🤖 AI Summary
This study investigates the structural characteristics of user communities in social virtual reality (Social VR) platforms, addressing a gap in understanding how immersive environments shape community formation compared to traditional online social networks.
Method: Leveraging large-scale head-mounted display (HMD) login logs from a commercial metaverse platform, we identify substantive interactions through prolonged co-presence behavior, construct user interaction networks, and apply community detection and network analysis techniques to characterize community topology.

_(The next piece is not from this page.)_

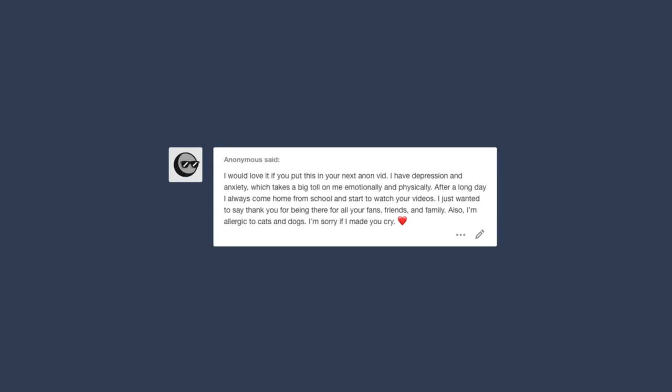And the last one. I would love it if you put this in your next anon video. I have depression and anxiety which takes a big toll on me emotionally and physically. After a long day, I always come home from school and start to watch your videos. I just wanted to say thank you for being there for all your friends, friends, and family. Also, I'm allergic to cats and dogs. I'm sorry if I made you cry.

Contribution/Results: We find that Social VR communities exhibit a distinctive “small-scale, high internal cohesion, weak inter-community connectivity” structure—markedly divergent from conventional online networks. Crucially, we formally define and empirically identify a novel intermediary role: the “community jumper”—a user with sparse individual connections who nevertheless efficiently bridges multiple communities and facilitates cross-group information diffusion. This discovery reveals emergent community dynamics and user role paradigms unique to VR environments, providing empirical grounding and theoretical insight for metaverse community governance and immersive experience design.
📝 Abstract
This study quantitatively analyzes the structural characteristics of user communities within Social Virtual Reality (Social VR) platforms supporting head-mounted displays (HMDs), based on large-scale log data. By detecting and evaluating community structures from data on substantial interactions (defined as prolonged co-presence in the same virtual space), we found that Social VR platforms tend to host numerous, relatively small communities characterized by strong internal cohesion and limited inter-community connections. This finding contrasts with the large-scale, broadly connected community structures typically observed in conventional Social Networking Services (SNS). Furthermore, we identified a user segment capable of mediating between communities, despite these users not necessarily having numerous direct connections. We term this user segment `community hoppers' and discuss their characteristics. These findings contribute to a deeper understanding of the community structures that emerge within the unique communication environment of Social VR and the roles users play within them.